SPSS CROSSTABS - Multiway Tables

Multiway tables result from including more than one BY clause in CROSSTABS. Like so, the syntax below produces frequencies of sector_2011 for each combination of gender and sector_2010 separately. The following screenshot shows (part of) the result.

*Three way crosstab (or contingency table).

crosstabs sector_2010 by sector_2011 by gender
/cells column.

SPSS CROSSTABS - Multiple Tables, Similar Columns

Multiple tables with the same column variable but different row variables can be generated by a single CROSSTABS command; simply specify multiple variable names (possibly using TO) before the BY keyword. The syntax below gives an example.

*Multiple tables, same column variable, different row variables.

crosstabs sector_2011 to sector_2014 by sector_2010.

SPSS CROSSTABS - Multiple Tables, Similar Rows

Multiple variables being specified after the BY keyword results in multiple tables with different column variables but the same row variable.

*Multiple tables, same row variable, different column variables.
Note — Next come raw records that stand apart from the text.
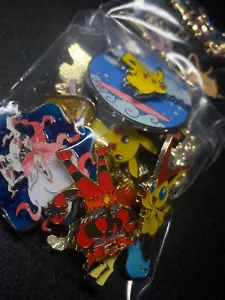 Prendedores de esmalte coleccionables Pokémon - ¡Tú eliges! - Imagen 1 de 34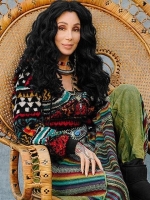 Cher Says Willie Nelson's Tour Bus Smells Exactly Like Marijuana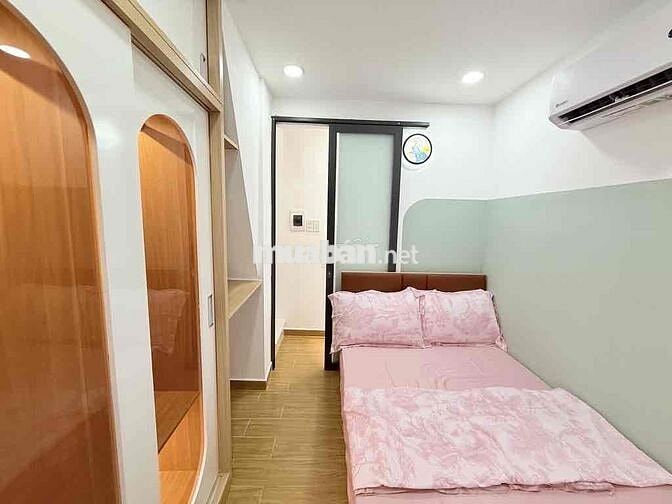 HIẾM - LÊ VĂN DUYỆT - NHÀ MỚI 2 TẦNG - 2PN - HẺM THÔNG - FULL NỘI THẤT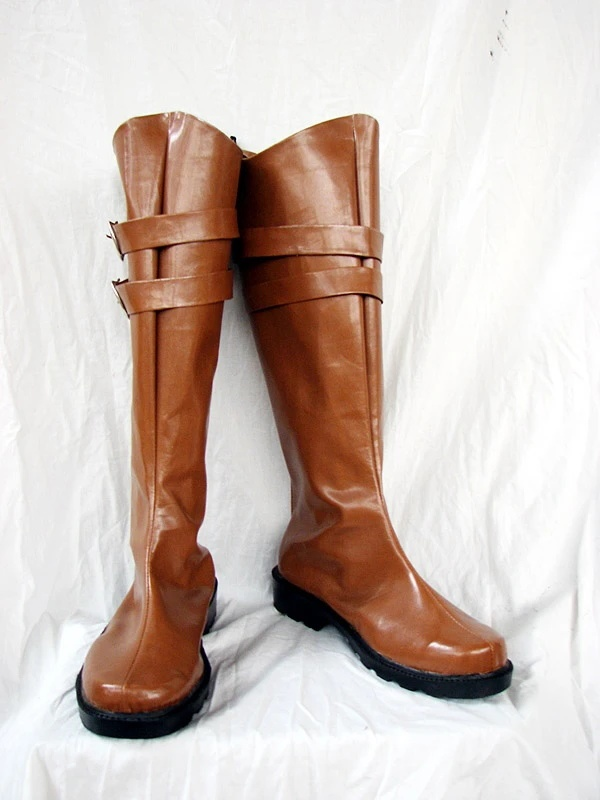 Dmc Devil May Cry Credo Cosplay Boots Shoes - CrazeCosplay
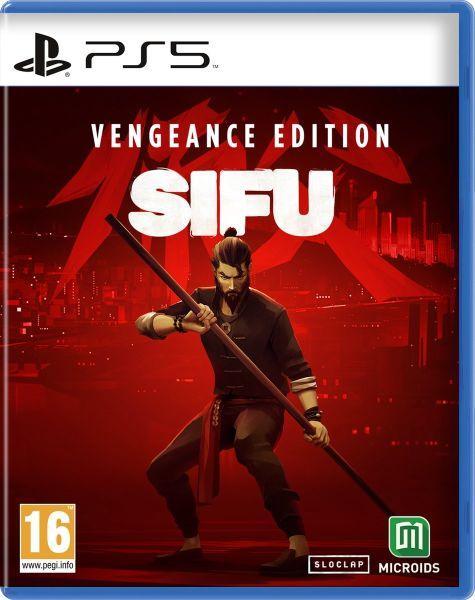 SIFU-Vengeance Edition (PlayStation 5) Gebruikt, Spelcomputers en Games, Games | Sony PlayStation 5, Zo goed als nieuw, Ophalen of Verzenden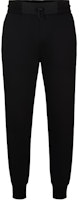 HUGO BOSS SS24 Black Solid Drawstring Jogger Pants. 50506892-001 HUGO BOSS SS24 Black Solid Drawstring Jogger Pants. 50506892-001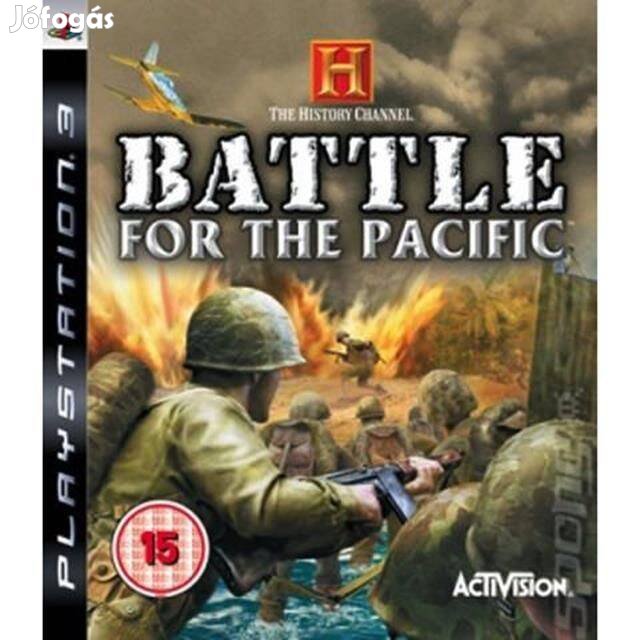 Battle For The Pacific PS3 játék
crosstabs sector_2010 by sector_2011 to sector_2014.

SPSS CROSSTABS - BARCHART Subcommand

Clustered barcharts can be obtained from CROSSTABS by simply adding a BARCHART subcommand as shown below. However, we prefer to generate such charts via GRAPH because it allows us to set appropriate titles for our charts.
Charts resulting from either option can be styled with an SPSS Chart Template (.sgt) file, which we used for the following screenshot.

*Crosstab with barchart.

crosstabs sector_2010 by sector_2011
/cells column
/barchart.

SPSS CROSSTABS - STATISTICS Subcommand

As mentioned in the introduction of this tutorial, CROSSTABS offers a chi-square test for evaluating the statistical significance of an association among the variables involved. It's obtained by specifying CHISQ on the STATISTICS subcommand.
Do keep in mind that SPSS happily produces test results even if their statistical assumptions don't hold, in which case such results may be wildly incorrect.
Besides the chi-square test statistic, many other statistics are available. For a full overview, specify ALL on the STATISTICS subcommand or consult the command syntax reference.

*Crosstabs with chi squared independence test.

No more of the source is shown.